Neutral Citation No. [2024] EWHC 1969 (SCCO)
Case No: T20200208

SCCO Reference: SC-2024-CRI-000005

IN THE HIGH COURT OF JUSTICE
SENIOR COURTS COSTS OFFICE

Thomas More Building

Royal Courts of Justice

London, WC2A 2LL

Date: 29 July 2024

Before:

COSTS JUDGE LEONARD

R

v

MUSE

Judgment on Appeal under Regulation 29 of the Criminal Legal Aid (Remuneration) Regulations 2013

Appellant: Wells Burcombe LLP (Solicitors)

This Appeal has been dismissed for the reasons set out below.

COSTS JUDGE LEONARD

1.

This appeal concerns whether, under the Graduated Fee provisions of Schedule 2 to The Criminal Legal Aid (Remuneration) Regulations 2013, the Appellant is due a cracked trial fee or a trial fee.
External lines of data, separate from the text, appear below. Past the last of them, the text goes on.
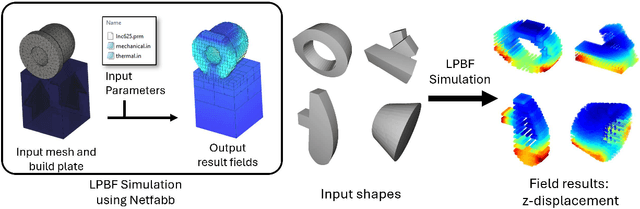 Figure 3 for Topology-Agnostic Graph U-Nets for Scalar Field Prediction on Unstructured Meshes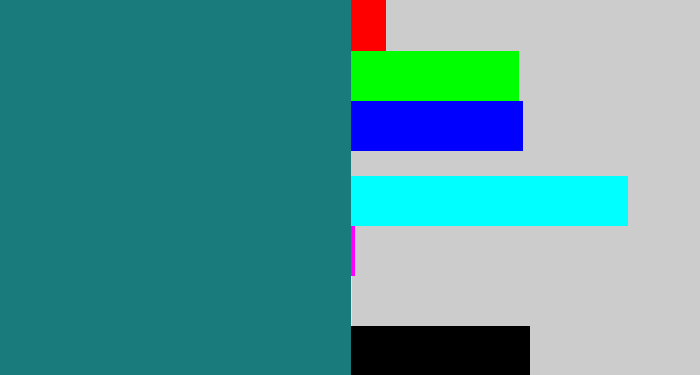 Hex color #1a7b7c - blue green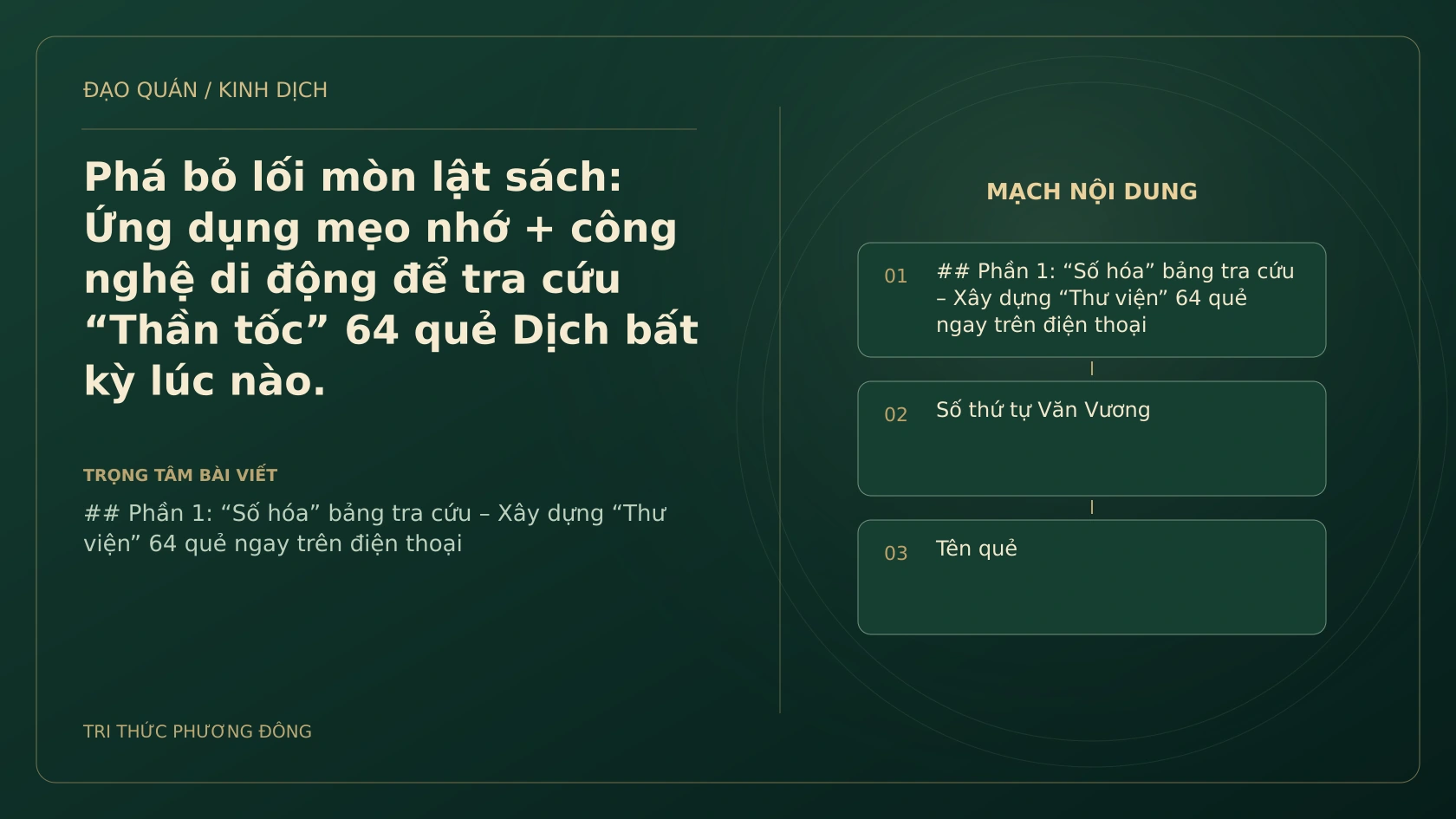 Minh họa Dịch học: Phá bỏ lối mòn lật sách: Ứng dụng mẹo nhớ + công nghệ di động để tra cứu “Thần tốc” 64 quẻ Dịch bất kỳ lúc nào.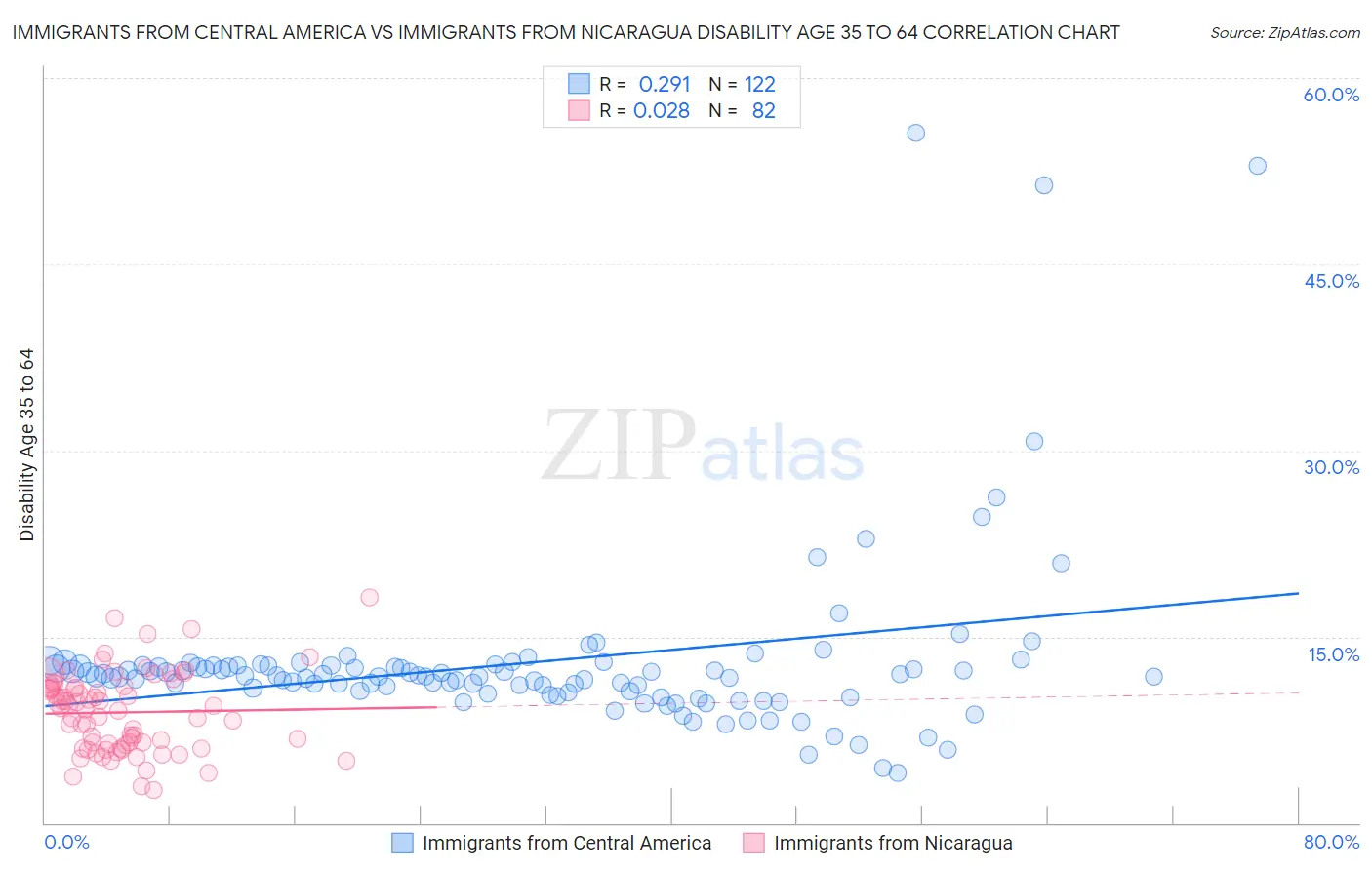 Immigrants from Central America vs Immigrants from Nicaragua Disability Age 35 to 64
The issue turns upon whether, for the purposes of the 2013 Regulations, a “Newton Hearing” (a fact-finding hearing for sentencing purposes, which is treated as a trial under the Regulations) took place.

2.

Schedule 2 at paragraph 1 provides the following definitions:

‘“cracked trial” means a case on indictment in which—

(a)

the assisted person enters a plea of not guilty to one or more counts at the first hearing at which he or she enters a plea and—

(i)

the case does not proceed to trial (whether by reason of pleas of guilty or for other reasons) or the prosecution offers no evidence; and

(ii)

either—

(aa) in respect of one or more counts to which the assisted person pleaded guilty, the assisted person did not so plead at the [first hearing at which he or she entered a plea; or

(bb) in respect of one or more counts which did not proceed, the prosecution did not, before or at the first hearing at which the assisted person entered a plea, declare an intention of not proceeding with them; or

(b)

the case is listed for trial without a hearing at which the assisted person enters a plea…

… “Newton Hearing” means a hearing at which evidence is heard for the purpose of determining the sentence of a convicted person in accordance with the principles of R v Newton (1982) 77 Cr App R 13…’

Background

3.

The Appellant represented Awaleh Muse (“the Defendant”), who faced trial on indictment in the Crown Court at Reading on two counts of being concerned in the supply of class A drugs (cocaine and heroin). There were three other co-defendants on the same indictment.

4.

The Defendant entered not guilty pleas on 23 March 2020, and served a defence case statement denying all knowledge of the drugs on 29 May 2020. He subsequently entered guilty pleas on 8 February 2021. There were also other offences to be dealt with for sentence, under separate case numbers, mostly drug related.

5.

Following the entry of his guilty pleas, the Defendant provided a basis of plea on 17 August 2021, which the prosecution did not accept. The matter was, following the trials of co-defendants, listed for a Newton hearing on 21 July 2023. Due to lack of court time, the Newton hearing did not proceed, and it was re-listed on 1 September 2023 before Mr Recorder Bate-Williams. The Defendant however withdrew his basis of plea at the start of the hearing.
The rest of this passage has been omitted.